(PROVIDED INFORMATION begins)

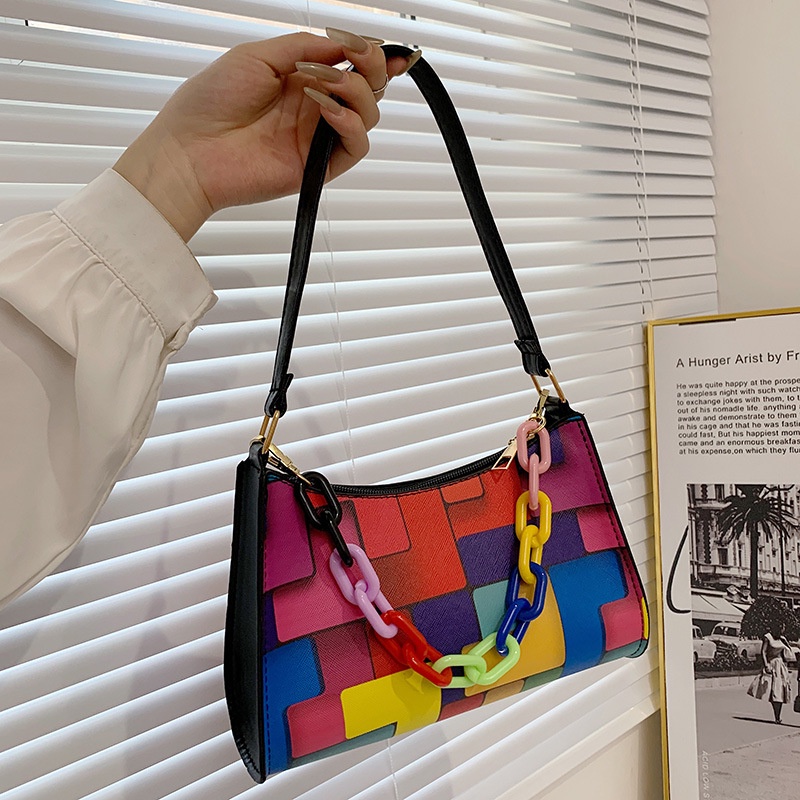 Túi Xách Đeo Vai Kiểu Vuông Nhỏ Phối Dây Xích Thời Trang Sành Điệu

(PROVIDED INFORMATION ends)
(PROVIDED INFORMATION begins)

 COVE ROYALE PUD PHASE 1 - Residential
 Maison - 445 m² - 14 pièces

(PROVIDED INFORMATION ends)
(PROVIDED INFORMATION begins)

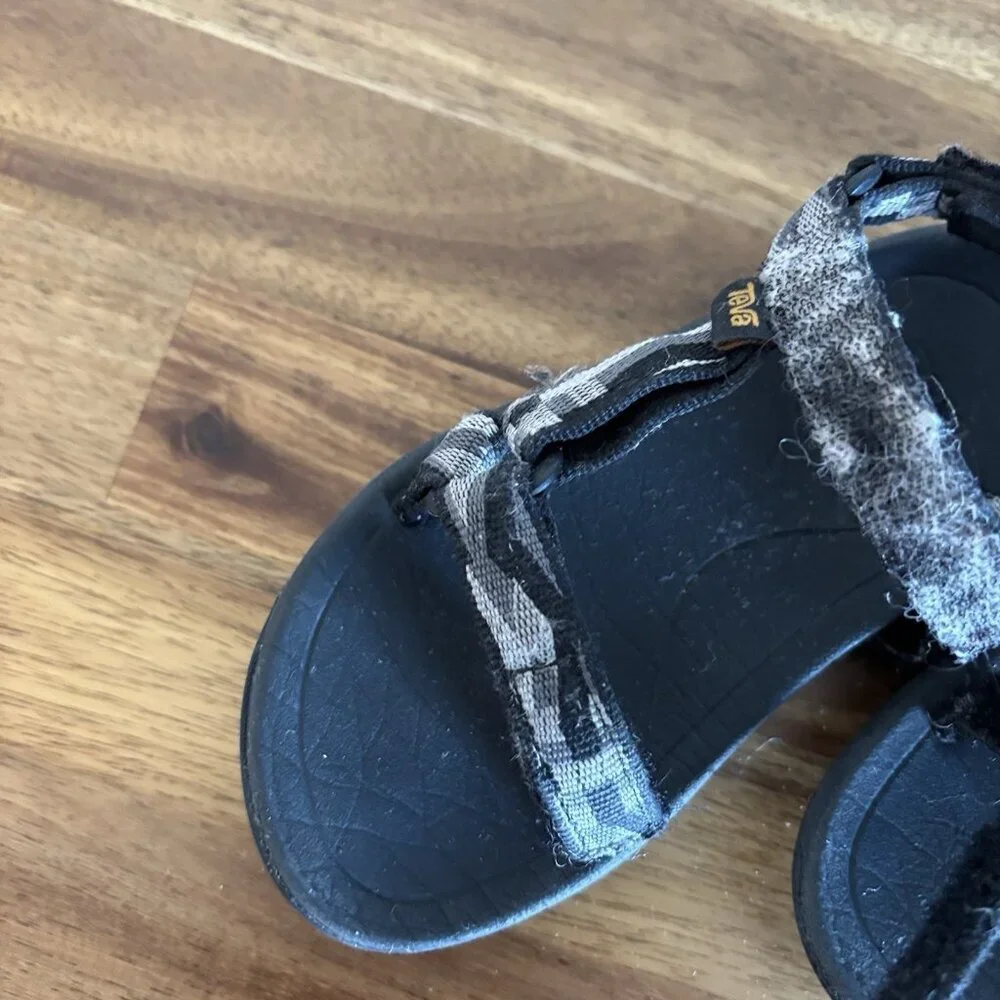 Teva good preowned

(PROVIDED INFORMATION ends)

Give an exact copy of the lines above from the line with "COVE ROYALE PUD PHASE 1 - Residential" up to and including the line with "Maison - 445 m² - 14 pièces", and leave everything else out.

 COVE ROYALE PUD PHASE 1 - Residential
 Maison - 445 m² - 14 pièces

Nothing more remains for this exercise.